Pie plates stacked on top of ball which fly off
Wimsurst Machine
pink flamingo and soda can: charge up the plastic bird and use it to pull the can around on a table with electrostatic action at a distance.

How to repair VDG belt

VDG belts can break, and also can start to get slightly conducting. The conductivity of a little bit of finger grease is enough to almost ruin the effect of the generator, and replacing the belt is a good idea if the performance starts to become dissapointing. I used 0.030 inch thick latex rubber sheet, purchased from McMaster Carr. Cut sheet with scisors to get a belt of the right size, and glue together with 5 minute epoxy. Always handle the latex with clean latex gloves on to avoid getting hand grease on it.

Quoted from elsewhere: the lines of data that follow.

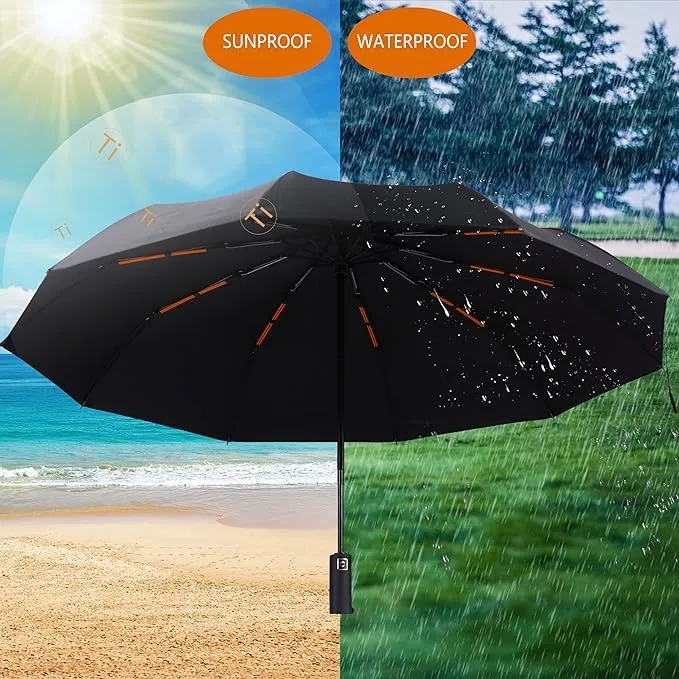 42" Automatic Vinyl Sunshade Folding Umbrella 7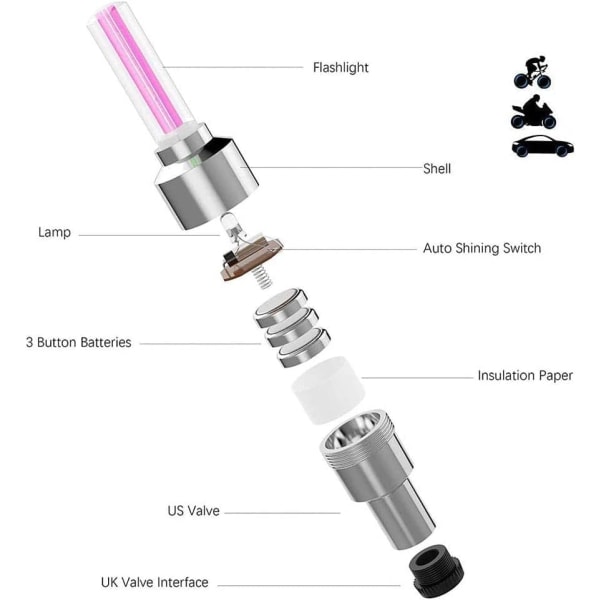 8-pakning LED-ventilhetter for bilhjul (blandet farge)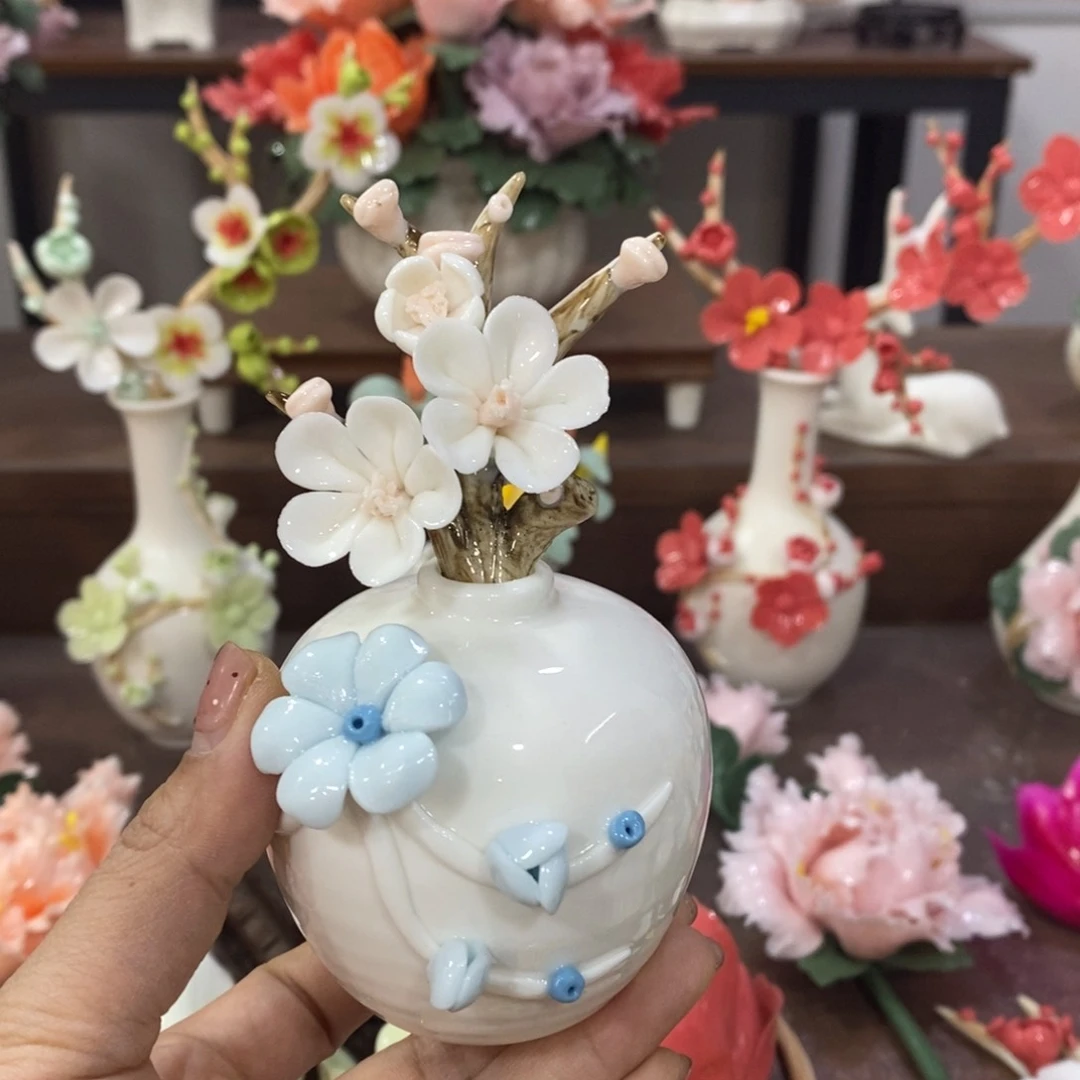 摆件陶瓷手工花摆件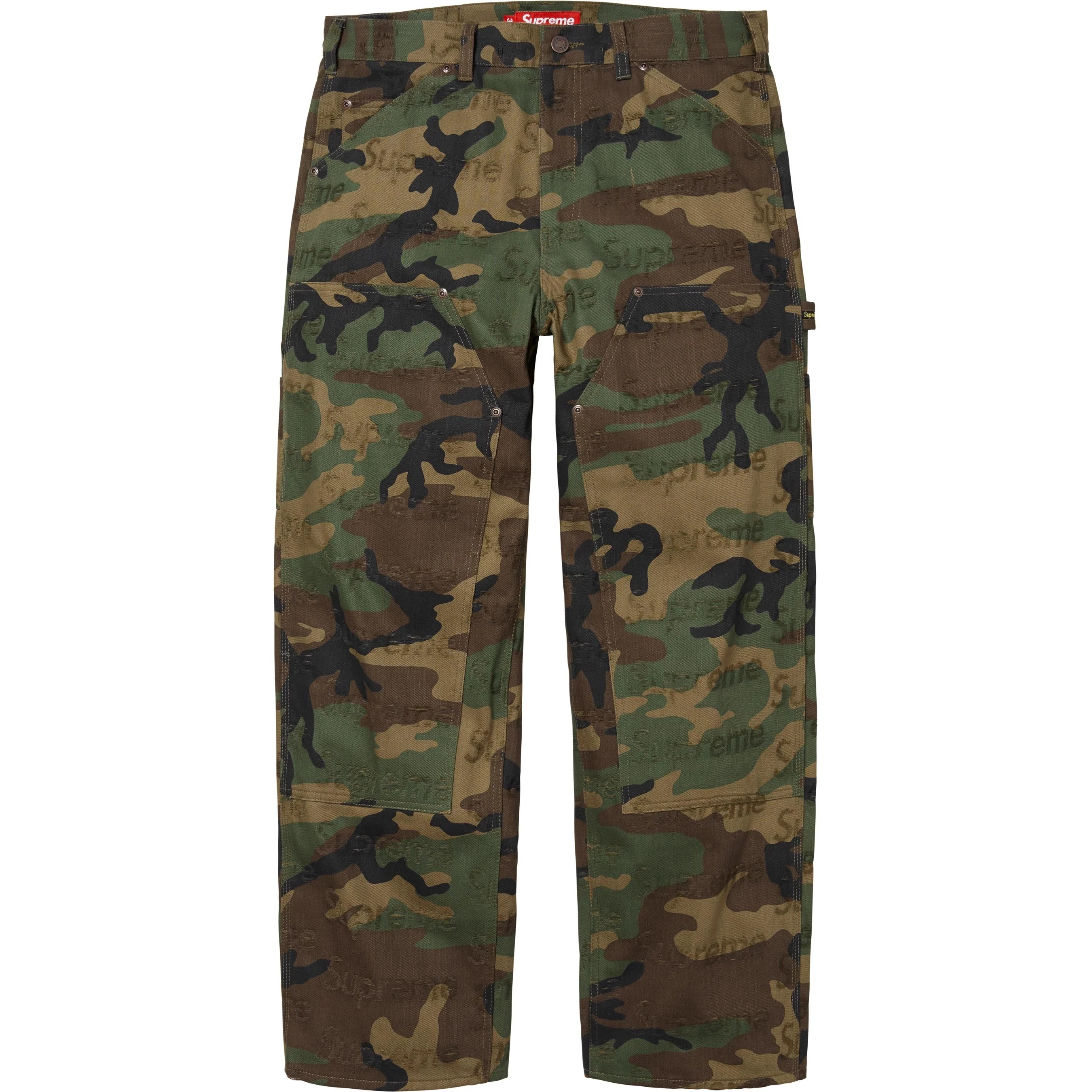 Supreme Jacquard Logos Double Knee Denim Painter Jean (FW25) - Woodland Camo - $228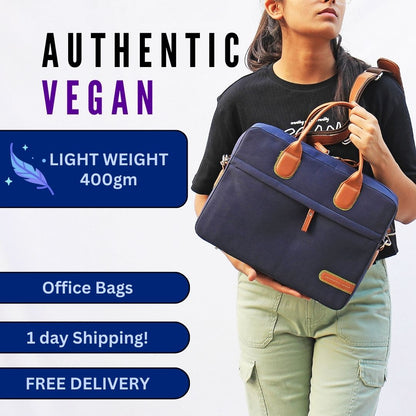 The Everyday All Purpose Messenger Bag Navy - Authentic Vegan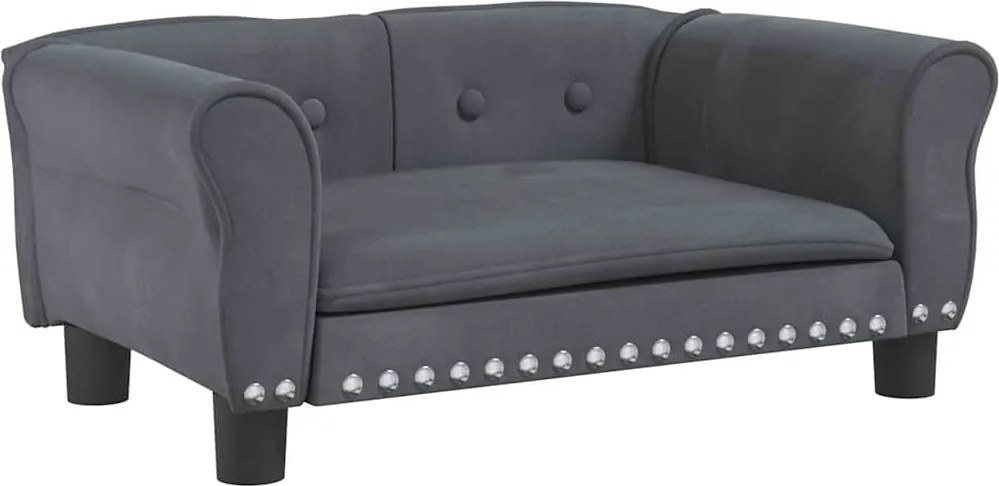 vidaXL Pat de câini, gri închis, 70x45x30 cm, catifea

Electrostatics II: Electrostatic motor

I got this off of the web, from http://amasci.com/emotor/emot1.html. Construction details can be found on the above site. To operate, just connect one stator bottle to ground and the other one to the ball of the VDG using an alligator clip lead. If the wires are in the right places, the rotor bottle will spin. It's good to demonstrate the the sign of the voltage and the initial spin of the bottle doesn't matter in spin direction; the direction is purely determined by the geometry of the arcing wires.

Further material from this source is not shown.